Autodidata, gostava de sentar na frente do piano em busca de novas harmonias. Ao ouvir no rádio uma canção do cantor e pianista de jazz norte-americano Nat King Cole, Gebran considerou a possibilidade de “tocar como esse cara”. No jazz, o pianista fez carreira e impressionou os amigos de profissão com a sua capacidade de improvisação.

Filho de imigrantes sírios, Gebran Sabbag nasceu em Rio Negro, em 1932. No ano seguinte, mudou-se com a família para Curitiba. Os pais, comerciantes, custaram a aceitar a música como uma profissão. Nesta época, a imagem do músico profissional não era bem vista por causa dos ambientes em que esse profissional circulava, em sua maioria cabarés e casas de shows. Porém, ser músico foi o caminho que ele escolheu seguir.

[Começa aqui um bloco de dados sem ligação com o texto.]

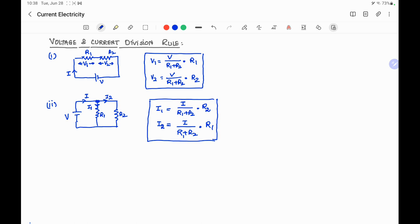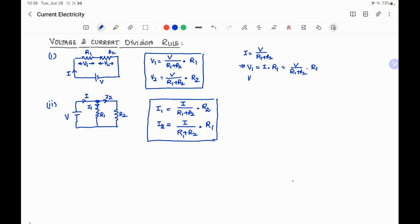We can verify these results. To verify the voltage division rule, the main current I equals total voltage divided by total resistance (R1 plus R2). Therefore V1, the voltage across R1, equals current through R1 multiplied by R1, which gives V divided by (R1 plus R2), multiplied by R1. And V2 equals the current through R2 multiplied by R2, which is V divided by (R1 plus R2), multiplied by R2.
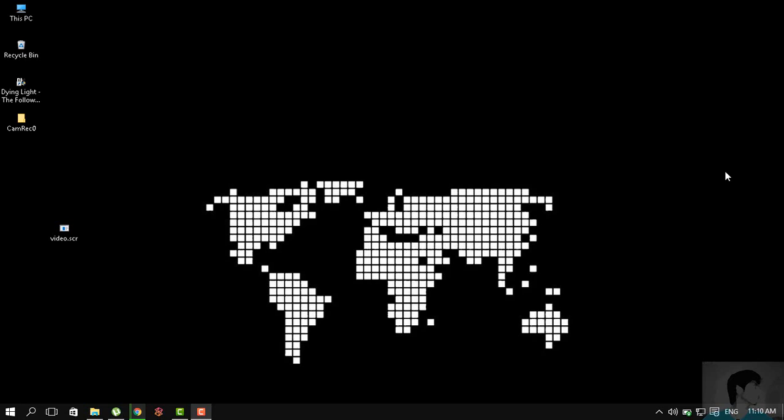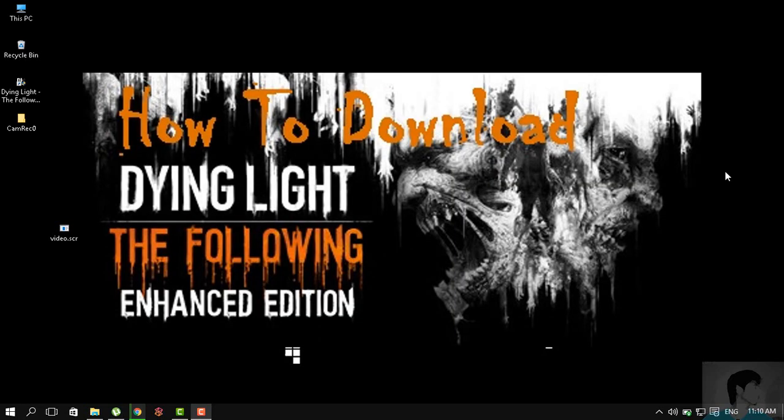Hello again everybody, I'm back with a little error. This is regarding Dying Light: The Following Enhanced Edition. As promised in the previous video, I made a video about how to download Dying Light: The Following, a Fitgirl Repack.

Em 1947, o pianista estreou nos palcos do Clube Curitibano acompanhado de um conjunto vocal de filhos de associados. Depois disso, sua trajetória artística encontrou grandes nomes da música, como Lúcio Alves, Cauby Peixoto, Taiguara e Rosemary. Na história do jazz curitibano, as suas improvisações ocupam um espaço privilegiado na memória dos apreciadores do gênero musical.

Na companhia da sua esposa,Suely, que morreu em 2002, Gebran Sabbag constituiu uma grande família. O casal teve sete filhos e o pai transmitiu para todos a educação musical. Com a manutenção de eletroeletrônicos, ele mantinha o sustento da sua família. A sua oficina funcionava como um “pequeno museu” repleto de televisões e equipamentos sonoros antigos. Gostava de consertar os amplificadores valvulados, tipo de amplificador bastante utilizado nos anos 50, 60 e 70. O feito, porém, podia demorar anos devido à dificuldade de se encontrar as peças necessárias para o conserto.

Para os netos, a oficina do avô era um espaço lúdico. “Ele nos ajudava a construir umas placas de luz, algo bem simples. Mas quando se tem 6 anos, isso é uma brincadeira incrível”, relembra o neto Ricardo Sabbag. Sem exceção, todos os netos tiveram uma “cadeirinha” de ajudante na oficina do avô.

As festas de família eram regadas com muita música. Acompanhado de amigos de profissão, em pouco tempo se fazia uma banda. O som e a dança invadiam a madrugada. “Essa situação era algo normal, somente com o tempo eu percebi como é especial ser integrante de uma família de músicos”, diz Ricardo.

No colo do avô, os netos aprendiam a tocar algumas notas no piano “a quatro mãos”. Ricardo Sabbag lembra que uma das primeiras músicas ensinadas pelo avô foi a canção popular “Oh! Susana”, sucesso de Stephen Foster.

Durante a carreira como pianista, Gebran se inspirou em artistas como Nat King Cole, George Shearing e Erroll Garne. Também admirava artistas da MPB, como Tom Jobim. Categoricamente, ele dizia que gostava de música boa. Em 2013, aos 81 anos, o pianista entrou pela primeira vez em um estúdio para gravar suas composições. Em uma matéria publicada na Gazeta do Povo, Sabbag afirmou que era “um privilégio ter passado a vida espichando a mão.”